Singh writes further, “Hacking referred to this process, in which naming creates the thing named - and in which the meaning of names can be affected, in turn, by the name bearers - as ‘dynamic nominalism.’”
A client asked me last week, “My husband said that his therapist told him he was borderline. What does that mean?”
What does the name a client is labeled mean for them and for their relationships? A new identity for the individual and the people they are in relationship with is being constructed. Is this labeling helpful or harmful or both?
Three new books—Paige Layle’s “But Everyone Feels This Way: How an Autism Diagnosis Saved My Life,” Patric Gagne’s “Sociopath: A Memoir,” and Alexander Kriss’s “Borderline: The Biography of a Personality Disorder”—illustrate how psychiatric classification shapes the people it describes. It models social identities. It offers scripts for how to behave and explanations for one’s interior life. By promising to tell people who they really are, diagnosis produces personal stakes in the diagnostic system, fortifying it against upheaval.
From “Why We’re Turning Psychiatric Labels Into Identities” by Manvir Singh in The New Yorker, May 13, 2024
The concept of dynamic nominalism means that people tend to turn their labels of identity into a lived experience. One of the tools that fuels the development of dynamic nominalism is the depiction of psychiatric labels in artistic works such as novels, films, song lyrics, memoirs, autobiographies, etc.

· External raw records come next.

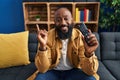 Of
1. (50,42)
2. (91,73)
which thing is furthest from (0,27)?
(91,73)

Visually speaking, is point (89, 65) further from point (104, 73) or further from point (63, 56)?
point (104, 73)

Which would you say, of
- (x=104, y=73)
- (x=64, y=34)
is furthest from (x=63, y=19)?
(x=104, y=73)

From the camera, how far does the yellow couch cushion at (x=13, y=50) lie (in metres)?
2.19

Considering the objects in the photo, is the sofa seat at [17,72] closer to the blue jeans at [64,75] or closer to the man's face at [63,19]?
the blue jeans at [64,75]

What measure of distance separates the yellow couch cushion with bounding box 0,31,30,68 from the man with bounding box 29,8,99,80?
0.44 metres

Sometimes the depictions of psychiatric labels are helpful to people and other times they may be harmful. The depiction itself is neither good or bad but rather how the consumer of the depiction uses the depiction.
Do you ever talk about depictions of psychiatric labels with friends, family, or professionals, and if so, what has been your experience doing this?

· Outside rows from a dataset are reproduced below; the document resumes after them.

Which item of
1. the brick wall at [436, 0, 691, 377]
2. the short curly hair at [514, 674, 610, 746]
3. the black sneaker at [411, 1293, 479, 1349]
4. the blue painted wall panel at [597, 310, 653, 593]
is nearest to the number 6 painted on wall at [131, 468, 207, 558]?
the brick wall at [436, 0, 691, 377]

Just as personality tests (see, I’m an introvert!), astrological signs (I’m a Libra!), and generational monikers (I’m Gen Z!) are used to aid self-understanding, so are psychiatric diagnoses. When Paige Layle was fifteen, a psychiatrist told her that she had autism spectrum disorder. She describes the rush of clarity she experienced when hearing the DSM-5 criteria: “I’m not crazy. I’m not making it up. I’m not manipulative or trying to fake anything. . . . There’s a reason why I’m the way that I am.”

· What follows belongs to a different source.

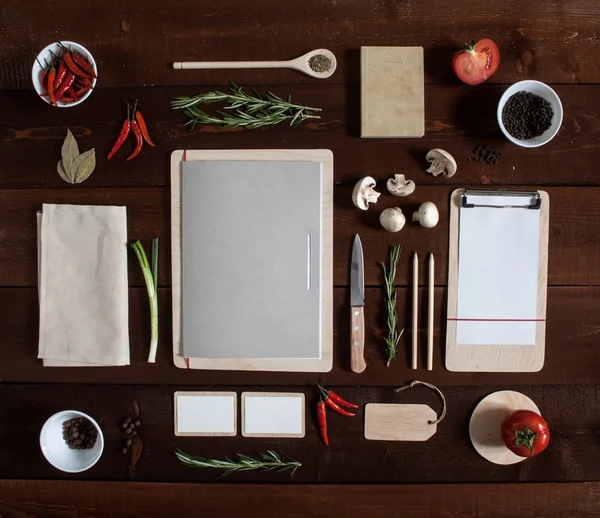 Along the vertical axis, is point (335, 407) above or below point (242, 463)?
above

From “Why We’re Turning Psychiatric Labels Into Identities” by Manvir Singh in The New Yorker, May 13, 2024
The key words “dynamic nominalism” indicate how a person tends to create the characteristics that the label assigned to them describes which then contributes to the person’s self understanding and their identity. The assignment of the label is an act of power on the part of the expert who is performing the assignment function. This power is given to licensed mental health professionals who have the social sanction to diagnose. With this power we create schizophrenics, depressives, borderlines, autistics, psychopaths, and any number of other identities. To what extent is assigning a psychiatric diagnosis like an astrologer assigning a person to an astrological sign, or the person who administers some sort of psychological screen or test and assigns a personality type to the person such as introvert or extrovert?
Mental health professionals may be reluctant to assign a psychiatric label to a patient being aware of the iatrogenic consequences of such an act, and yet in order to get paid for the service they are providing, they must assign a diagnosis required by the insurance company for payment. This label then becomes a permanent part of the person’s medical record which will influence the perception of the person by other people with access to that person’s medical record for the rest of their life.
I am an introvert and a Capricorn. I also am a dysthymic. I also laugh, guffaw actually, because in my heart of hearts I know that I am none of these things. They are just labels and the meanings they may carry for a perceiver have consequences only in certain contexts and are temporary.
What psychotherapy is about is the ability of people to explore and disclose what they really think, how they really feel, and what they really want without the fear of being assigned a label that will limit their ability to be understood and appreciated at a deep and cosmic level by another human being who will stand in solidarity with them.
So, labeling people is a powerful act with wide and long ranging consequences and should be done with a degree of caution, trepidation, and self awareness. It is not simply a bureaucratic act done for money without a price to be paid by the person so labeled.
Perhaps the motto for mental health professionals should be, “Label with care.”